◆ **Data for the task**
....................
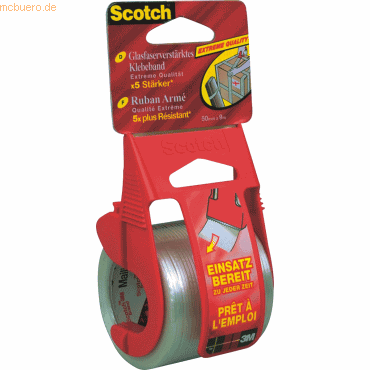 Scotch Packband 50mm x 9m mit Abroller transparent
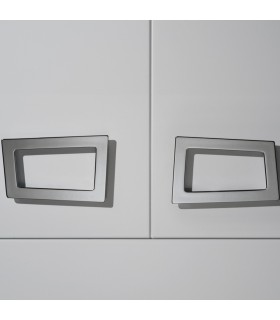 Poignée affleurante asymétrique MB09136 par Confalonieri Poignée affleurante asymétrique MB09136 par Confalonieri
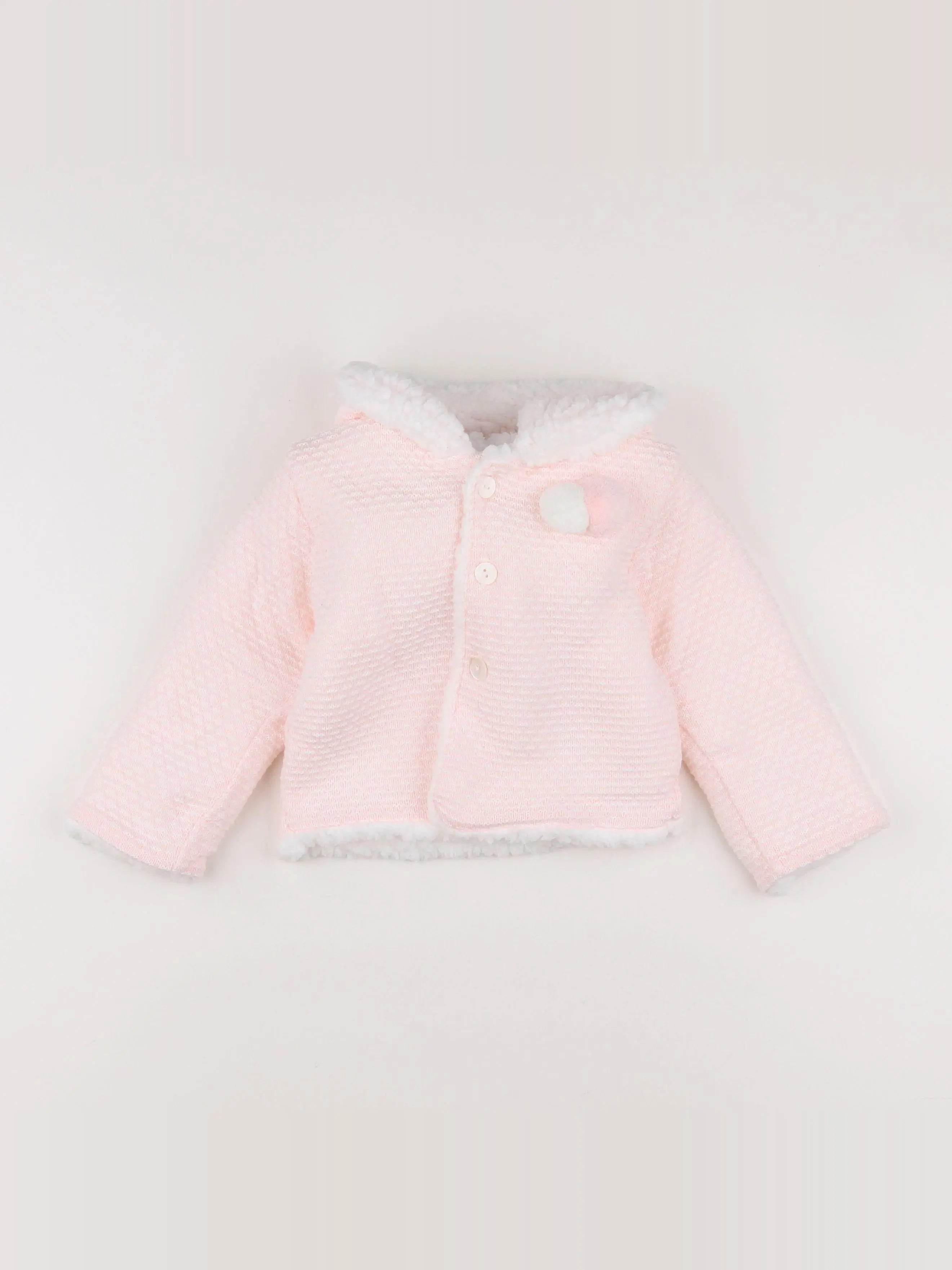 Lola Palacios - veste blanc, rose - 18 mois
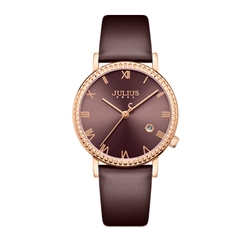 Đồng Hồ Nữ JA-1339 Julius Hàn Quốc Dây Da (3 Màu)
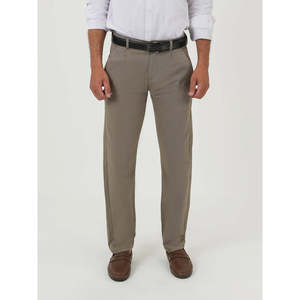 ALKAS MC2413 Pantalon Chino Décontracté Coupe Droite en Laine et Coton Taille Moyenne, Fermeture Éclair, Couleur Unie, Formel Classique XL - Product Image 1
....................
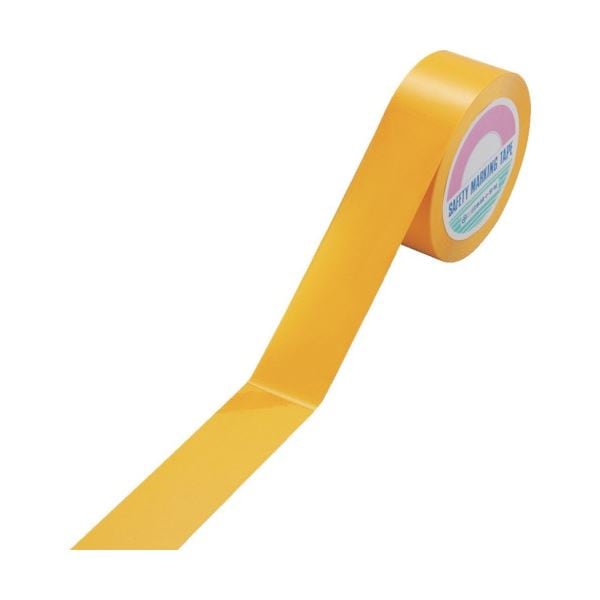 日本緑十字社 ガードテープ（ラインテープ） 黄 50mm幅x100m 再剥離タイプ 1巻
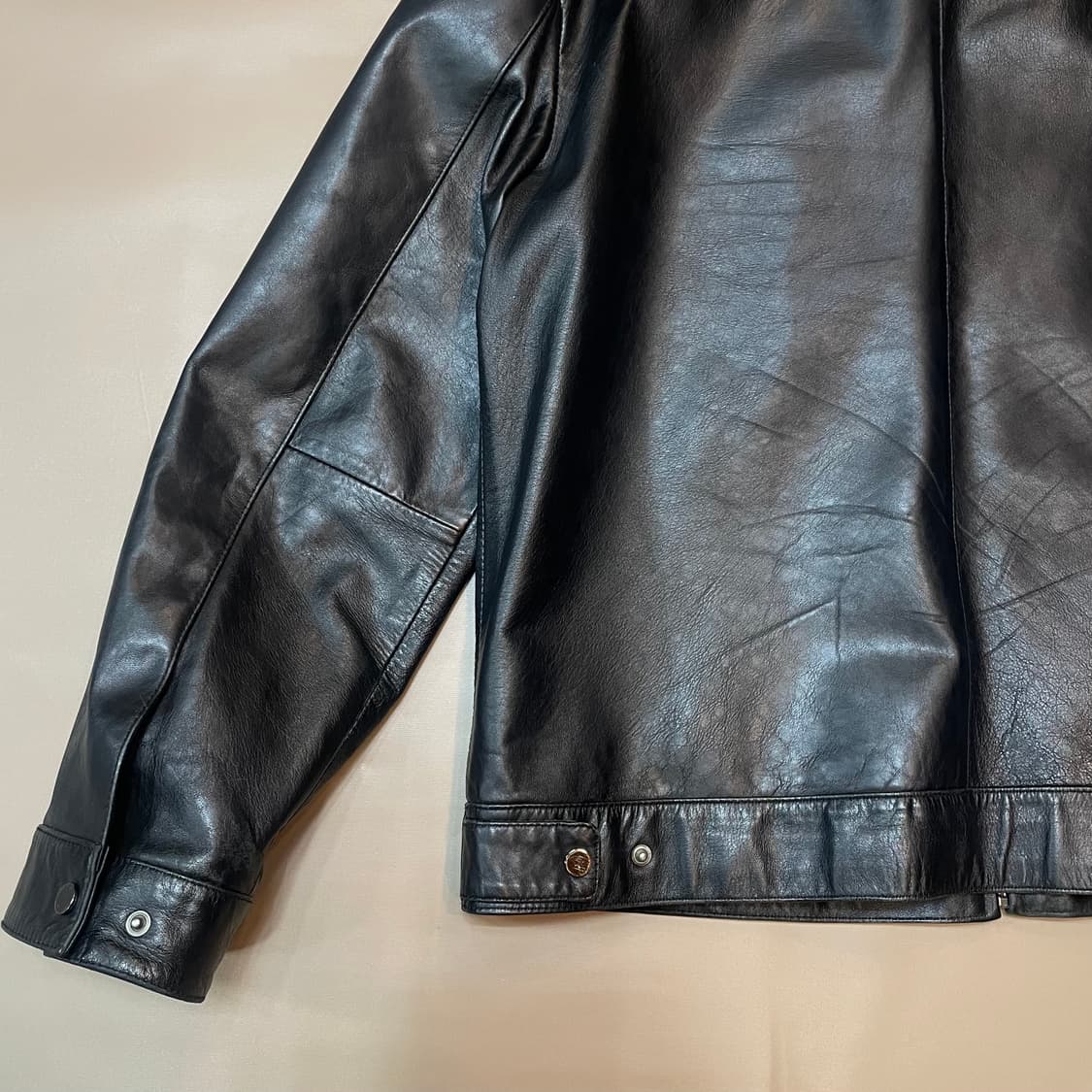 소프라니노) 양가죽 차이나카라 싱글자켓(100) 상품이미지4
....................
◆ **Problem to work on**
Only the lines starting at the one that includes "Scotch Packband 50mm" and ending at the one that includes "Đồng Hồ Nữ JA-1339" should be retyped, exactly, from the records above; no pictures.

◆ **Your response**
 Scotch Packband 50mm x 9m mit Abroller transparent
 Poignée affleurante asymétrique MB09136 par Confalonieri Poignée affleurante asymétrique MB09136 par Confalonieri
 Lola Palacios - veste blanc, rose - 18 mois
 Đồng Hồ Nữ JA-1339 Julius Hàn Quốc Dây Da (3 Màu)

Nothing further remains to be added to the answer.